4. **Alert Trigger**: An alert fires when **all** of the following conditions are met simultaneously:
   - CUSUM exceeds threshold
   - Z-score exceeds threshold  
   - Current value exceeds minimum threshold
   - (For max-out only) Services count exceeds minimum

### Alert Thresholds

| Alert Type | CUSUM Threshold | Z-Score Threshold | Min Value Threshold | Extra Condition |
|------------|-----------------|-------------------|---------------------|-----------------|
| Max-Out | > 0.25 | > 4 | > 20% | Services > 30 |
| Actuations | > 0.20 | > 3.5 | > 10% | — |
| Missing Data | > 0.10 | > 3 | > 5% | — |

### Pedestrian Alert Detection

Pedestrian alerts use a **modified GEH statistic** combined with regional z-score normalization:

1. **Calculate Metrics**: For each DeviceId/Phase/Date:
   - **Ped_Percent**: Pedestrian services / Total phase services
   - **Ped_APS**: Pedestrian actuations / Pedestrian services (actuations per service)

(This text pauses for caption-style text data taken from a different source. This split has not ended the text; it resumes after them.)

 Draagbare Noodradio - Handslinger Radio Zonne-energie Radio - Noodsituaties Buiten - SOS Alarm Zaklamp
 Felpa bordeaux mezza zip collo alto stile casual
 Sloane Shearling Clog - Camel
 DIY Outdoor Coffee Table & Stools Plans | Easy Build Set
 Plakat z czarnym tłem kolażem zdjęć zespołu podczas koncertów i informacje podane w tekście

2. **Signed GEH Calculation**: Modified GEH that preserves direction of change:
   $$GEH_{signed} = \frac{2(V - M)^2}{V + M} \times sign(V - M)$$
   where $V$ = observed value, $M$ = historical median for the device/phase

3. **Regional Z-Score Normalization**: GEH values are normalized within each region/date to produce z-scores

4. **Combined Z-Score**: Combines percent and APS z-scores:
   - If Ped_Percent_ZScore < 0: $|Ped\_Percent\_ZScore \times Ped\_APS\_ZScore|$
   - Otherwise: $Ped\_Percent\_ZScore \times Ped\_APS\_ZScore$

5. **Alert Trigger**: Combined z-score ≤ -11 (indicates significant decrease in pedestrian activity relative to historical patterns)

### Phase Skip Alert Detection

Phase skip detection is based on pre-aggregated data from the atspm package:

1. **Data Source**: Uses the `TotalSkips` column from `phase_wait` data, which counts phases where wait time exceeded expected cycle time (excluding preemption events)

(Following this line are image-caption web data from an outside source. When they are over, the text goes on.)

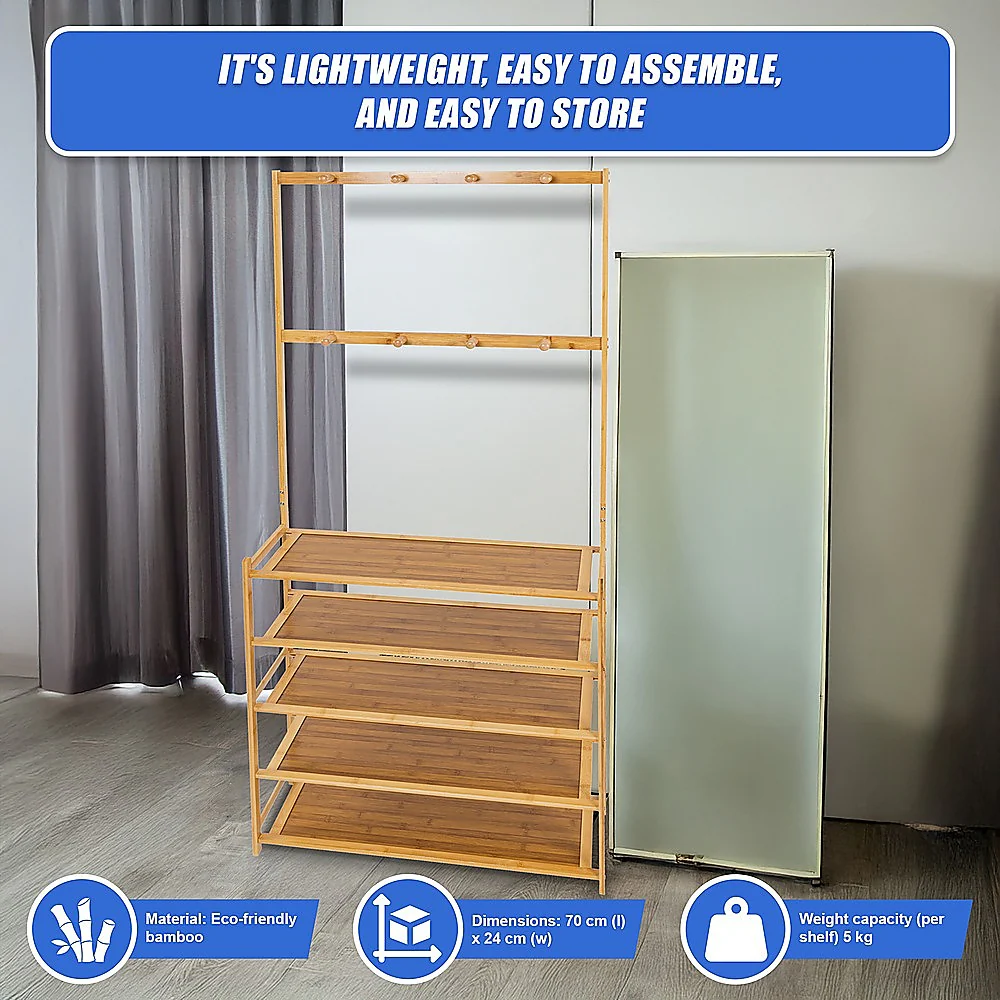 Large Wooden 5 Tiers Hat Coat Stand Clothes Shoe Rack Hanger Hooks Shelf Storage - Nurns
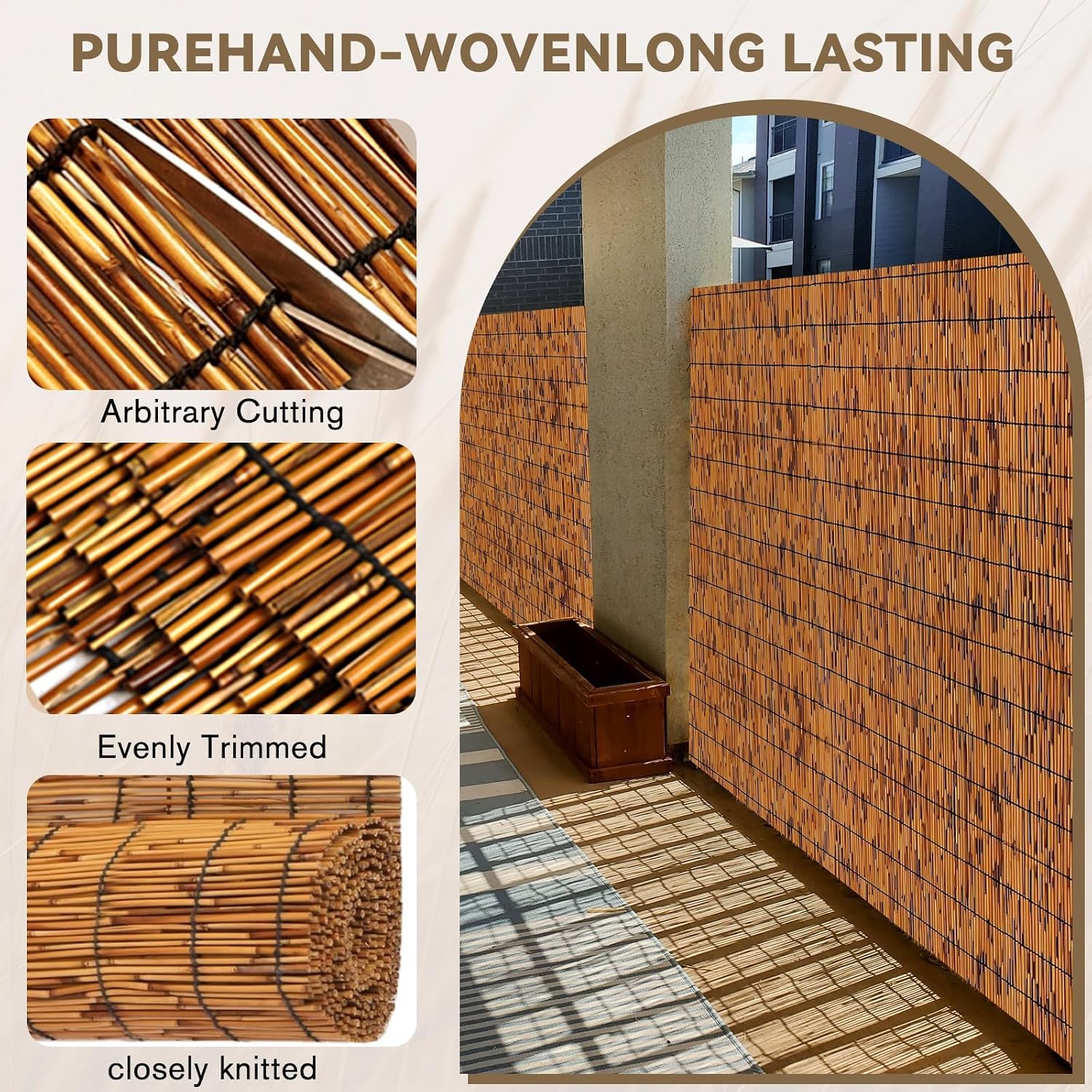 KOIUEYW Bamboo Reed Fencing. Light Russet Bamboo Fence Rolls 6ft High. Decorative Privacy Screen Reed Curtains for Patio Balcony Garden Backyard Outdoor. 6 x 16 FT (2 Pcs)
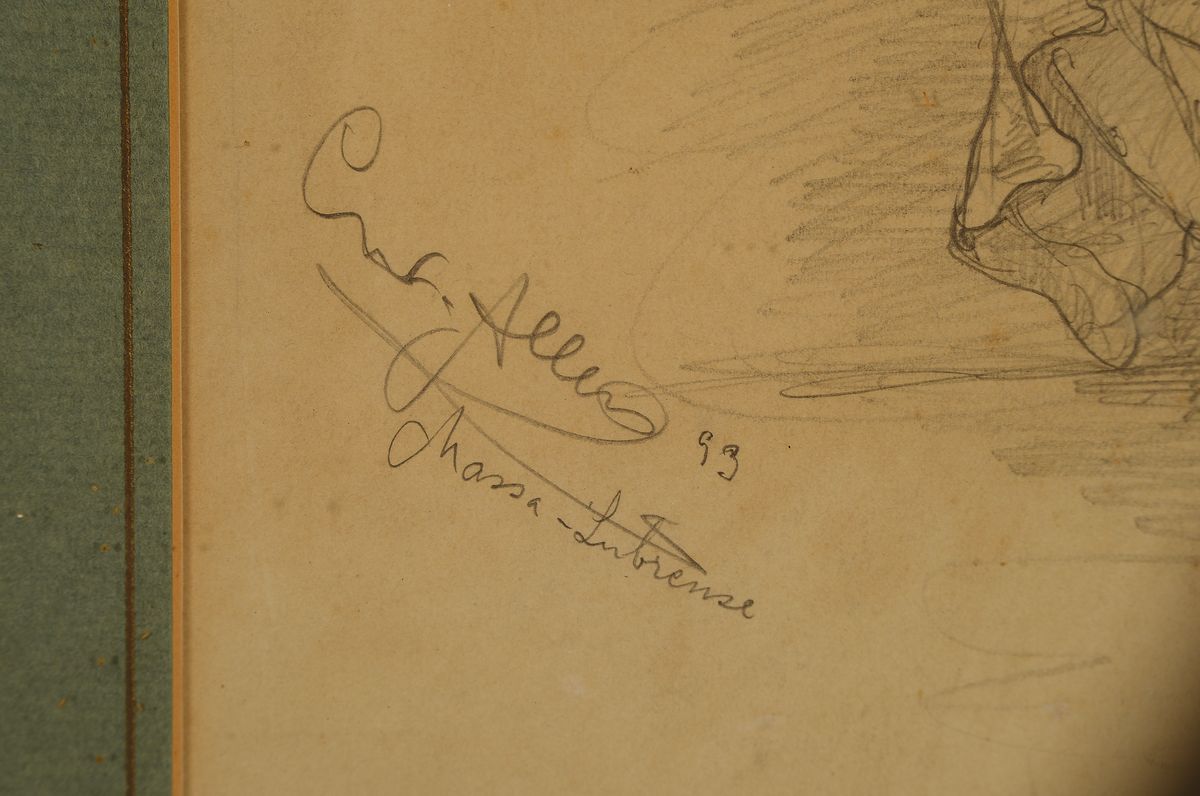Detail a: Christian Wilhelm Allers, 1857 Hamburg-1915 Karlsruhe, Mädchen mit großer Flasche, Bleistiftzeichnung auf Papier (gebräunt), bez.: in Massa ...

2. **Aggregation**: Daily totals of skips are summed by DeviceId/Phase

3. **Alert Trigger**: Total aggregated skips exceed `phase_skip_alert_threshold` (default: 1)

### System Outage Detection

1. **Missing Data Threshold**: When average missing data across a region exceeds 30% for a given date
2. **Output**: Alerts grouped by Date and Region

## License

This project is licensed under the MIT License - see the [LICENSE](LICENSE) file for details.

## Support

Contributions welcome, open an issue for problems or comment for help.